INFORMATION PROVIDED:
══════════

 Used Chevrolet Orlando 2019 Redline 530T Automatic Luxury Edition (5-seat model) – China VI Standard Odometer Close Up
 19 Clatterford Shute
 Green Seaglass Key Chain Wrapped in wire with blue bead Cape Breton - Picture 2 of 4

══════════

YOUR TASK: Each line of the material is to be copied exactly.

WRITTEN SOLUTION:
 Used Chevrolet Orlando 2019 Redline 530T Automatic Luxury Edition (5-seat model) – China VI Standard Odometer Close Up
 19 Clatterford Shute
 Green Seaglass Key Chain Wrapped in wire with blue bead Cape Breton - Picture 2 of 4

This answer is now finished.